Metadata-Version: 2.4
Name: rasptorch
Version: 2.0.2
Summary: Experimental PyTorch-like autograd engine with an optional Vulkan compute backend (Raspberry Pi 5-focused).
Author: Joshua Ludolf
License-Expression: MIT
Project-URL: Homepage, https://github.com/Joshua-Ludolf/rasptorch
Project-URL: Issues, https://github.com/Joshua-Ludolf/rasptorch/issues
Keywords: deep-learning,autograd,vulkan,raspberry-pi
Classifier: Development Status :: 3 - Alpha
Classifier: Intended Audience :: Developers
Classifier: Intended Audience :: Science/Research
Classifier: Programming Language :: Python :: 3
Classifier: Programming Language :: Python :: 3 :: Only
Classifier: Programming Language :: Python :: 3.11
Classifier: Topic :: Scientific/Engineering :: Artificial Intelligence
Requires-Python: >=3.11
Description-Content-Type: text/markdown
License-File: LICENSE
Requires-Dist: numpy>=1.26
Requires-Dist: torch>=2.10.0
Requires-Dist: vulkan>=1.3.275.1
Requires-Dist: click>=8.0
Requires-Dist: prompt-toolkit>=3.0
Provides-Extra: gpu
Requires-Dist: vulkan>=1.3.0; extra == "gpu"
Provides-Extra: torch
Requires-Dist: torch; extra == "torch"
Provides-Extra: dev
Requires-Dist: pytest; extra == "dev"
Requires-Dist: build; extra == "dev"
Requires-Dist: twine>=6.2.0; extra == "dev"
Dynamic: license-file

# rasptorch

rasptorch is an experimental deep learning library inspired by PyTorch,
with a specific goal: **make training and running neural networks practical on the
Raspberry Pi 5 while taking advantage of its GPU**.

The project has two main parts:

- A small, NumPy-backed autograd engine and `nn` module that runs on the Raspberry Pi CPU.
- An experimental Vulkan-based backend, wired through a `device` API
  (`Tensor(..., device="cpu"|"gpu").to("gpu")`), meant to offload core tensor operations
  (elementwise ops, matmul, activations, reductions, etc.) to the Pi 5's GPU via Vulkan compute.

The Vulkan backend is implemented with real Vulkan compute shaders (GLSL
compiled to SPIR-V).
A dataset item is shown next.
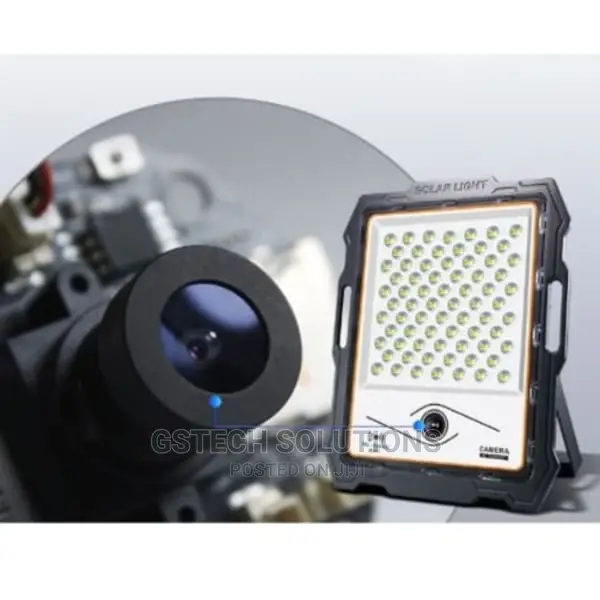 4g Solar Light With Hidden Security Camera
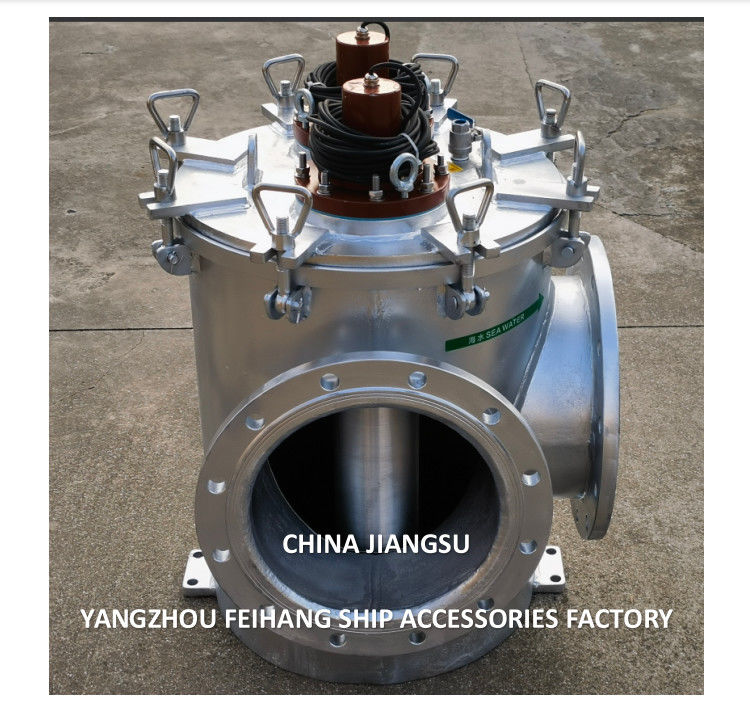 Seewasserfilter mit MGPS-Marine Growth Prevention System Modell AS350 CB/T497-2012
It supports a small but useful set of kernels (see
`rasptorch/shaders/` for the authoritative list).

High-level highlights:

- Elementwise ops: `+`, `*`, `-`, `neg`, `relu`, `gelu`, `silu`, `leaky_relu`, `elu` (plus scalar variants)
- Matmul: `@` (tiled/shared-memory shader)
- Tensor helpers: indexing/slicing via `tensor[...]`, `unsqueeze`, `squeeze`, `permute`, `transpose`, `flatten`, `max`, `min`, `argmax`, `argmin`, `cat`, `stack`, `split`, `chunk`
- Reductions: `sum`, `mean` (global and axis-based on CPU; global on GPU)
- Common broadcast forms: `(N,M) + (M,)` and `(N,M) * (M,)`
- Losses: `cross_entropy`, `binary_cross_entropy`, `binary_cross_entropy_with_logits`, `nll_loss`, `smooth_l1_loss`, `label_smoothing_cross_entropy`
- Optimizers and training utilities: `SGD`, `Adam`, `AdamW`, `RMSProp`, LR schedulers, gradient clipping, regularization helpers
- NN essentials: GPU row-wise `softmax` / `log_softmax`, 2D `LayerNorm`, `BatchNorm1d`, `BatchNorm2d`, `Embedding`, `MultiheadAttention`, `MaxPool2d`, `AvgPool2d`, and `GRU`

Performance notes:

- The fastest path is **compute-only**: keep tensors on GPU and avoid per-iteration
  `.numpy()` / readbacks.
- Fusing ops and reusing output buffers can make the Vulkan path **faster than NumPy**
  for certain workloads on Raspberry Pi 5.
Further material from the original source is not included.